Bellgard Matthew, Gamble Thomas, Reynolds Mark, Hunter Adam, Trifonov Ed, Taplin Ross
Centre for Bioinformatics and Biological Computing, School of Information Technology, Murdoch University, WA, Australia.
Appl Bioinformatics. 2003;2(3 Suppl):S31-5.
Pairwise sequence alignment is one of the most essential tools in comparative genomic sequence analysis. It is used to compare the sequences of genes and proteins with the aim of inferring structural, functional and evolutionary relationships. However, current 'mainstream' alignment algorithms have optimisation criteria based primarily on computational efficiency using parameters such as gap penalties, which are not biologically motivated. In addition, current alignment algorithms such as the Smith and Waterman technique provide a single alignment that could be sensitive to rather arbitrary choices in parameters such as gap penalties. This paper explores the range of properties resulting from posing the alignment problem more as a 'mapping gaps in sequences' exercise. We argue that this approach is intuitive and provides greater control over the number of gaps placed within an alignment. This type of approach was proposed by Sankoff (1972), but unfortunately has not received much attention. We report and discuss our findings by comparing this approach to other techniques using structurally confirmed aligned sequences from a benchmark alignment database. Interestingly, this approach consistently provides optimal and near optimal alignments and is thus a viable approach to sequence alignment.

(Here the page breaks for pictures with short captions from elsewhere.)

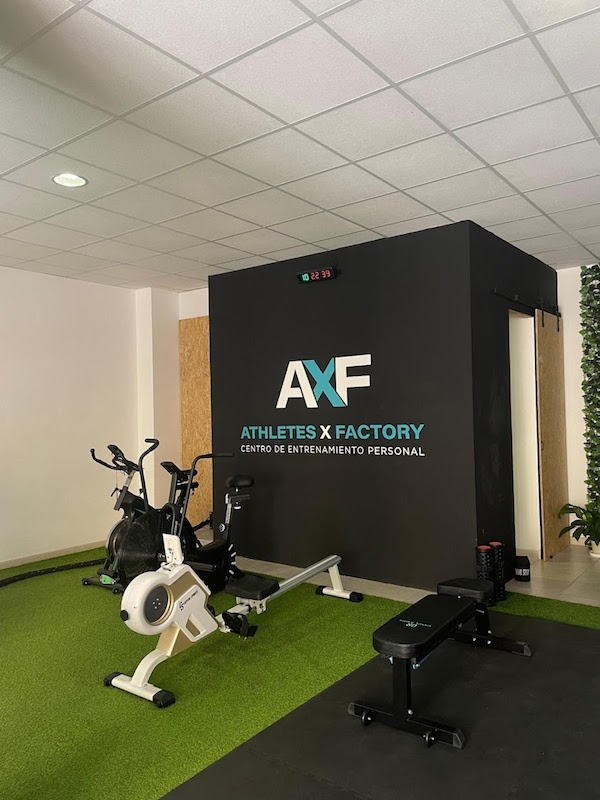 crossfit en Athletesxfactory, Andratx - Islas Baleares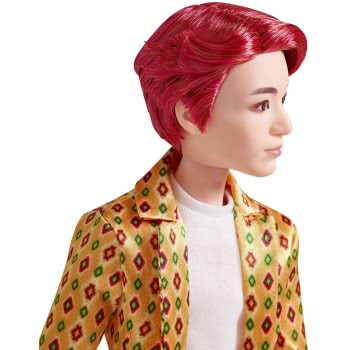 Mattel BTS Jung Kook Idol Doll Κούκλα GKC86 / GKC87 887961823714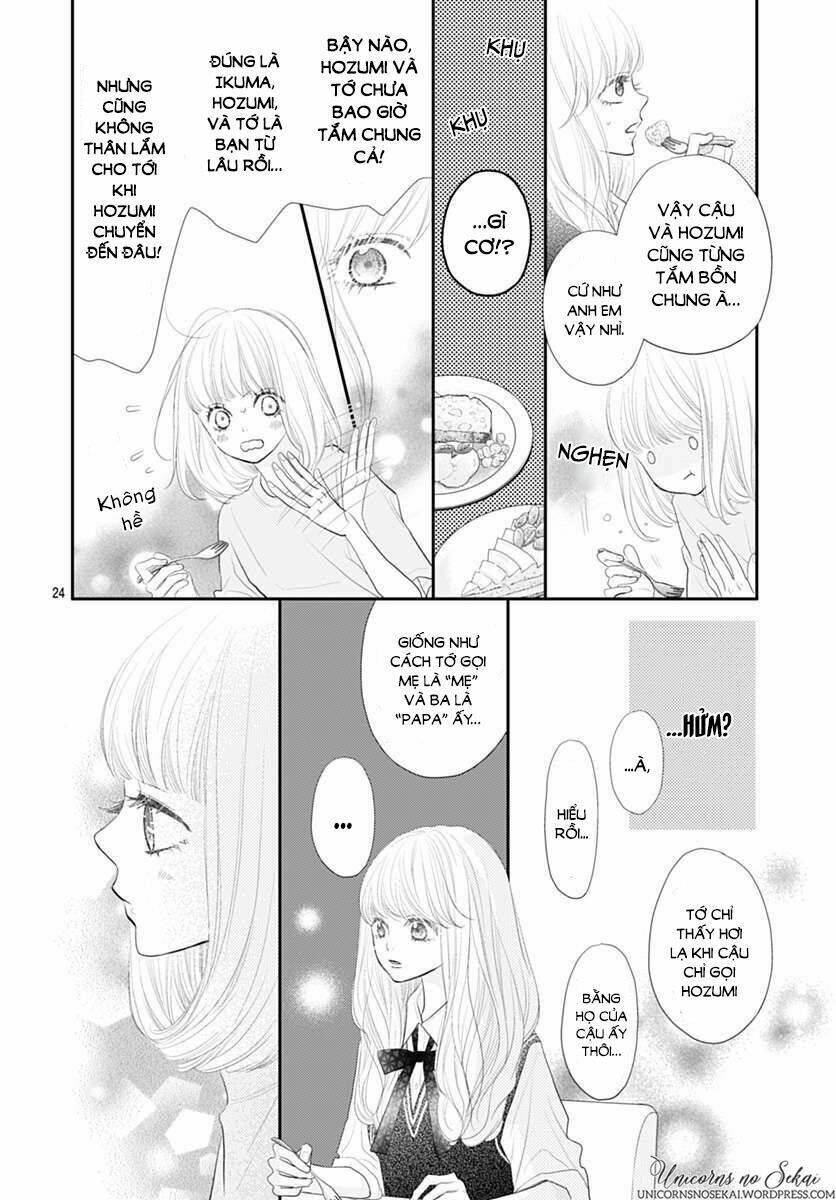 Territory M No Juunin: Chapter 6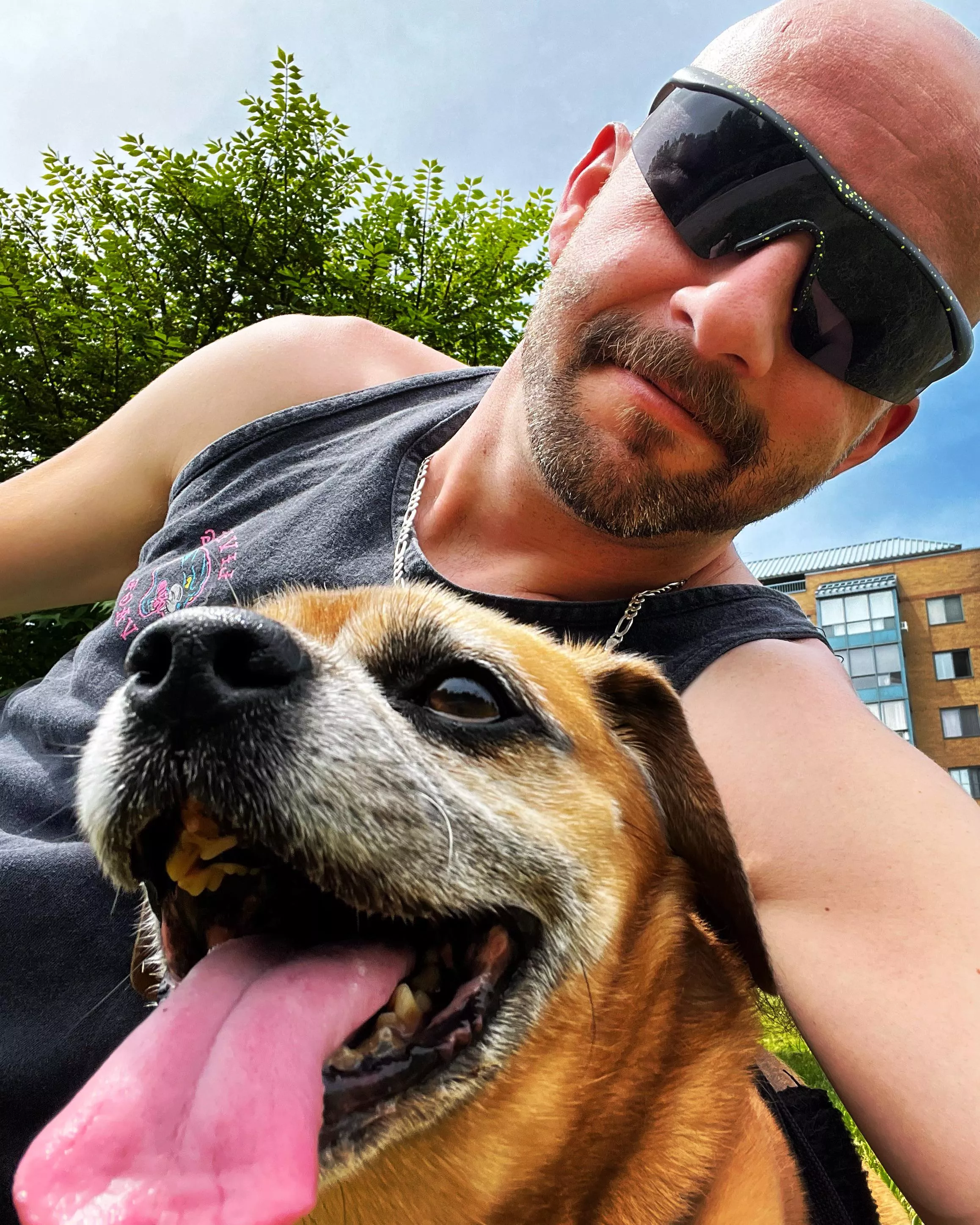 Not my first pride but happy pride boys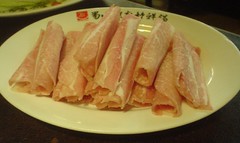 [吃] 蜀山饌_(2) 松阪豬肉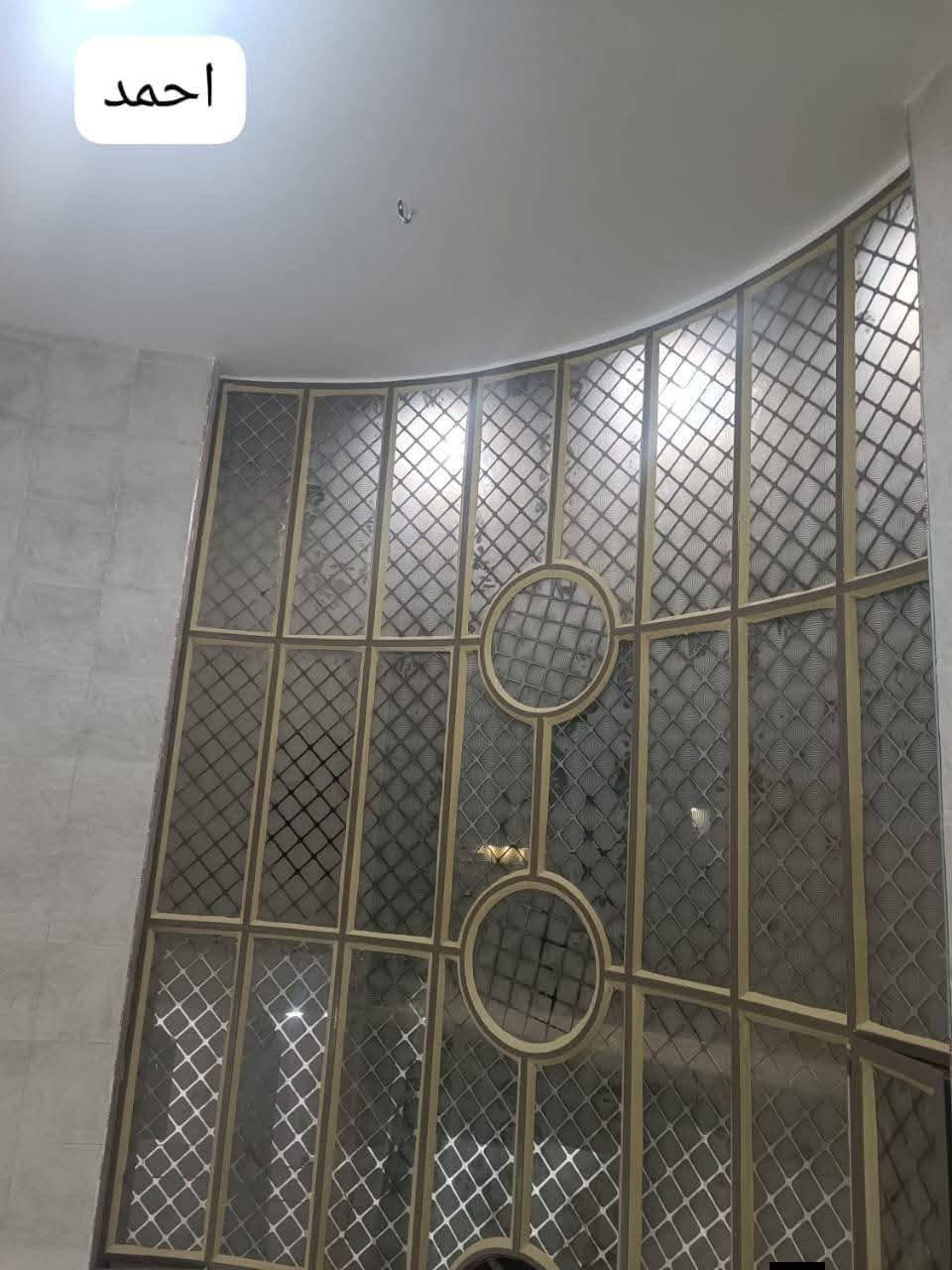تركيب وشد كافه انواع زجاج ✅
بأسعار تنافسية 💱💲 
***********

两两序列比对是比较基因组序列分析中最基本的工具之一。它用于比较基因和蛋白质的序列,目的是推断结构、功能和进化关系。然而,当前的“主流”比对算法的优化标准主要基于使用诸如空位罚分等参数的计算效率,而这些参数并没有生物学依据。此外,当前的比对算法,如史密斯-沃特曼技术,提供的单一比对可能对诸如空位罚分等参数中的相当随意的选择敏感。本文探讨了将比对问题更多地作为“映射序列中的空位”练习所产生的一系列特性。我们认为这种方法直观,并且能更好地控制比对中放置的空位数量。这种方法是桑科夫在1972年提出的,但遗憾的是没有得到太多关注。我们通过将这种方法与使用来自基准比对数据库的结构确认的比对序列的其他技术进行比较来报告和讨论我们的发现。有趣的是,这种方法始终提供最优和接近最优的比对,因此是一种可行的序列比对方法。